Como é a sua ligação com a tropa?

Essa ligação precisa ser muito íntima. O comandante sempre precisa estar junto da sua tropa, precisa conversar, conhecer e ouvir o seu pessoal. Afinal, o ato de comandar significa ficar junto, não sozinho. Para uma tomada de decisão, é preciso ouvir o subordinado para que a gente tenha uma visão mais ampla e correta do que deve ser feito.

Eu sempre tive esse cuidado porque o meu pai foi praça do Exército. Eu passei a minha vida inteira dentro dos quartéis e eu vi como deve ser tratado isso, como a gente pode chegar numa eficiência maior de resolução de conflitos e até mesmo de problemas sociais.

O senhor serviu por mais de uma década na aviação da PM. O que o traz de experiência desses anos a bordo do helicóptero Águia 1?

A aviação proporciona muitas coisas na nossa vida, mas a aviação da Polícia Militar é diferenciada. O que eu trago para a minha vivência e para o meu trabalho é o companheirismo. Independente de hierarquia, um depende do outro dentro do helicóptero. Em uma aeronave, há quatro pessoas e todos são responsáveis pela segurança dela.

É lógico que o comandante é responsável por tomar uma decisão final, mas ele se obriga, por questões de segurança, a ouvir todos. Isso cria um sentimento de companheirismo muito grande. Eu trago isso para cá e pretendo implementar aqui no meu trabalho.

Foto: Fábio Junkes/OCP News

Como o senhor define a posição de ser comandante?

A gente entra na Polícia Militar buscando galgar o último posto, a última graduação da carreira. Eu consegui realizar isso, sempre tive a intenção de comandar. Eu comandei a 2ª Companhia do Batalhão de Aviação da Polícia Militar, depois o próprio Batalhão de Aviação da Polícia Militar, na Capital. Agora, como comandante regional, estou comandando uma das melhores regiões do Estado.

Ser comandante do 12º Comando Regional de Polícia Militar é uma realização pessoal, porque eu creio que nasci para comandar. Porém, os meus subordinados poderão dizer isso depois. Na prestação de contas, perguntem a eles.

Qual é a visão que o senhor tem de Jaraguá do Sul?

Jaraguá do Sul é a cidade mais segura do Estado e do Brasil. E eu pretendo manter isso e até melhorar. A minha visão de Jaraguá do Sul é de um povo ordeiro, muito educado, um povo trabalhador.
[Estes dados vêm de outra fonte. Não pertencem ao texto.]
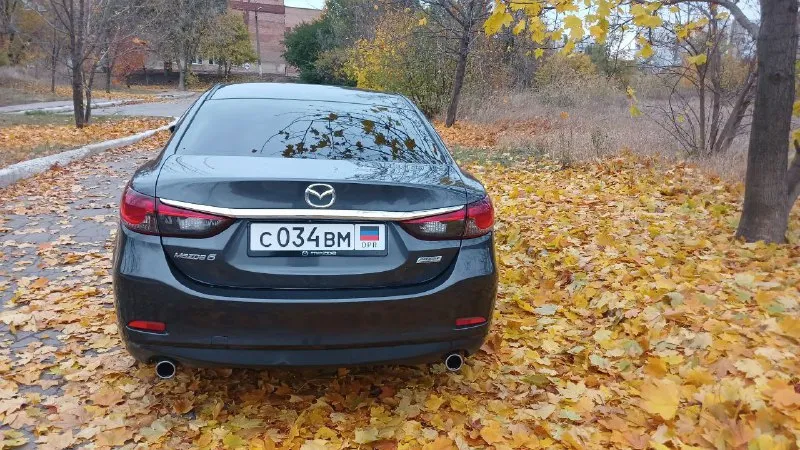 Продаётся личный автомобиль mazda 6 2012г. (по стс, в эксплуатации с 2014г. ) 2,5 (192 л. с. ) skyactiv коробка автомат пробег 129.000 мл. американка, были минимальные повреждения. комплектация: двухзонный климат, круиз, старт/стоп, безключевой доступ, камера заднего вида, мультируль, музыка bose и многое. ⚙масло менялось каждые 6т. км. (расходники на оригинал) резина новая, в комплекте также зимняя. пробег оригинал, любые проверки. vin по запросу. при покупке будете первым владельцем на учете рф🇷🇺 машинка просто🔥 цена 1 470 000 (торг реальному покупателю). +79493026441 +79493492340 📞 звоните: +7(949)3026441 - фотография - 2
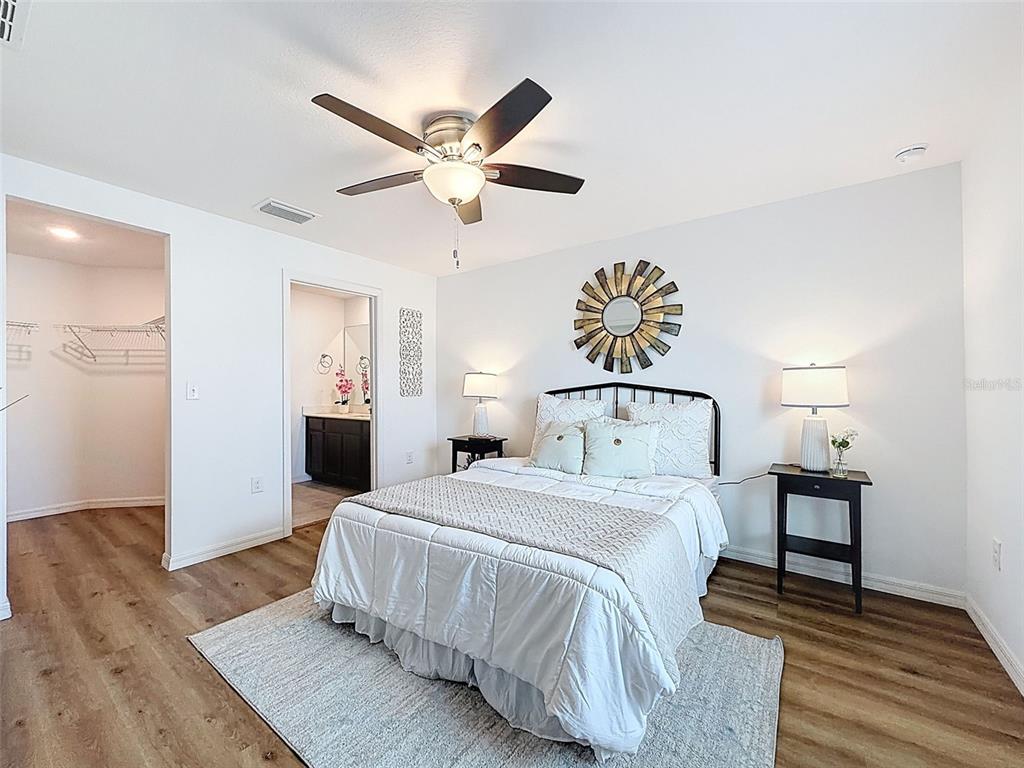 12943 Impatiens Street Spring Hill, FL 34609 - Photo 25 of 53 a spacious bedroom with a bed and a chandelier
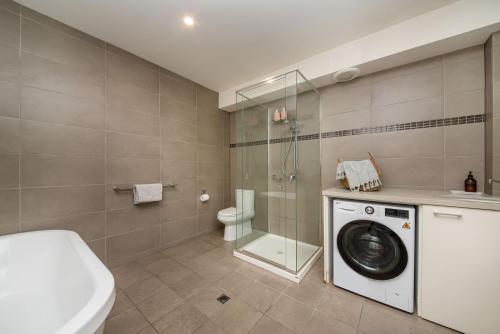 uma casa de banho com uma máquina de lavar roupa e um chuveiro em Esplanade Escape to the Brighton Beach Boxes em Melbourne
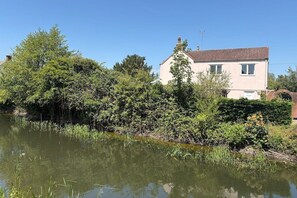 Une maison au bord d’un plan d’eau paisible, entourée d’une végétation luxuriante et sous un ciel dégagé.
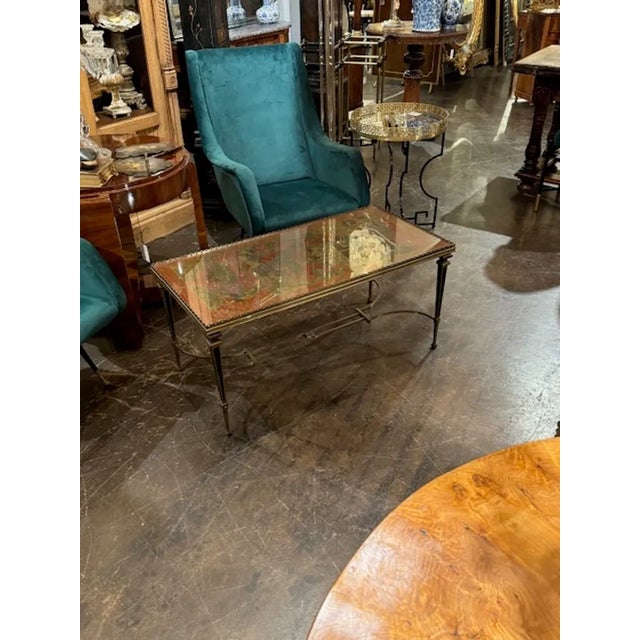 Beautiful mid 20th century French Maison Jansen brass coffee table. Featuring a chinoiserie design on the top. Gorgeous!!...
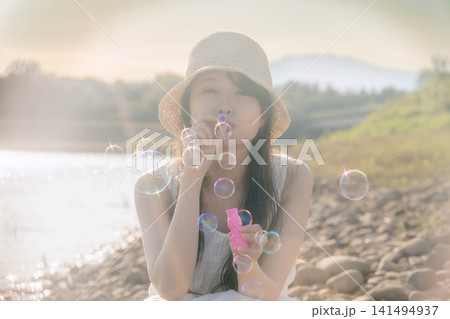夏の水辺でシャボン玉を吹く女性 夏の水辺でシャボン玉を吹く女性 141494937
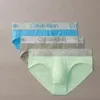 Pack 3 slips Calvin Klein Micro Stretch MTA (LV00NB4122), negro blanco menta, vista producto.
Isso vem dos seus colonizadores e continuou com os seus descendentes. É um povo que sabe trabalhar em prol da sociedade e a própria PM é feita de pessoas que vieram dessa sociedade.

A Polícia Militar em Jaraguá do Sul tem em seu quadro a maior parte das pessoas criadas aqui. Isso favorece bastante esse ciclo de segurança. Não é por acaso que Jaraguá do Sul é essa cidade maravilhosa, essa cidade que todo mundo gosta de morar, com segurança. Isso tudo é devido a sociedade e isso é fundamental. É um lugar especial.